Wednesday, September 16, 2009

7 Layer Software Burrito

Layering is a pattern that must be applied judiciously.  Not that any pattern can be applied mindlessly, but layer specifically can cause major problems if not called for.

With the right circumstances, however, layering can help a system withstand the test of time.  As access to apps on mobile devices proliferate, layered applications will benefit greatly, as they may be able to change the top one or two layers in a stack to support the new UI and communications semantics, hopefully leaving a majority of the system untouched.

I can't recall if it was in one of our readings, but a quote stands out in my mind to the effect of "show me a team boundary, and i'll show you a software boundary", in that the organization of teams tends to naturally dictate the separation of software.  Layering works great for this, because you can divide up a project into a bunch of layers that *should* have boundaries, and exploit this behavior rather than suffer from it.  I think that this is an interesting consideration to make while designing a layered architecture.

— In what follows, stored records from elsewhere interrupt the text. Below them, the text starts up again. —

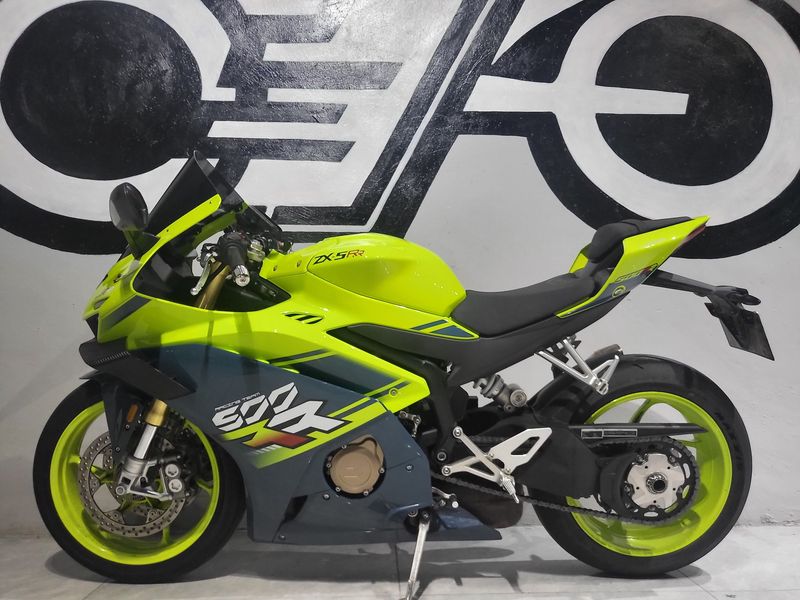 二手张雪机车500RR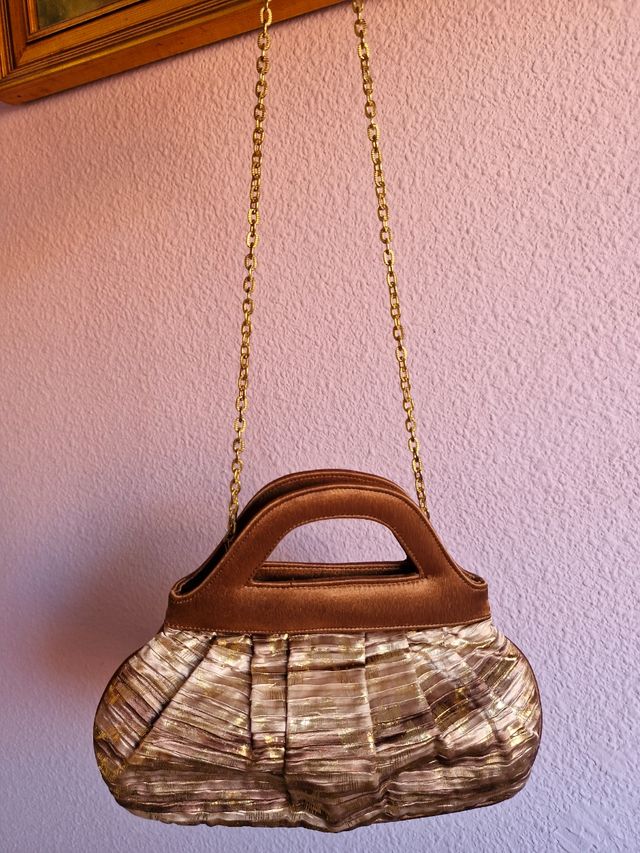 Zapatos de fiesta con bolso a juego.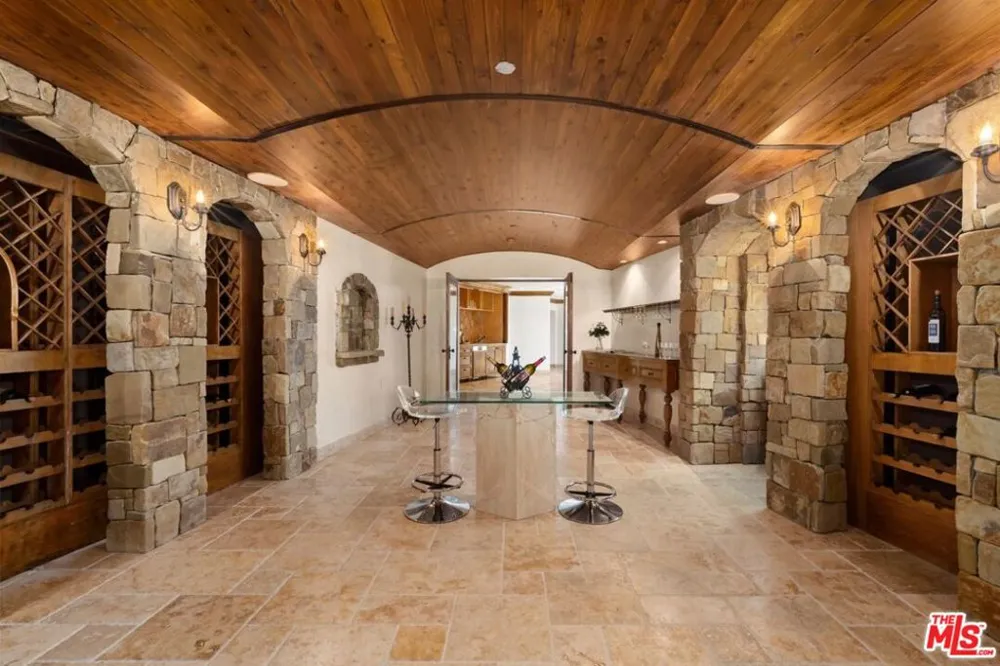 2695 Shady Ridge Lane Diamond Bar, CA 91765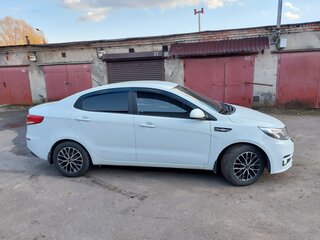 2016 Kia Rio III Рестайлинг, белый, 1180000 рублей, вид 2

Most applications have some form of natural layering, regardless of whether they use the formal definition thereof.  Refactoring an application to use an explicitly stated layered architecture can take on radically different forms.  In application with excellent separation of concerns and modularization, adding layering may be as simple as uncovering the communications pathways, and more strictly defining the interfaces involved.  In more poorly designed applications, where spaghetti code and dubious design practices are present, layering would probably best be left for the inevitable redesign/recode, though analysis of the existing code and lessons learned therein would surely shed light upon a likely layer decomposition.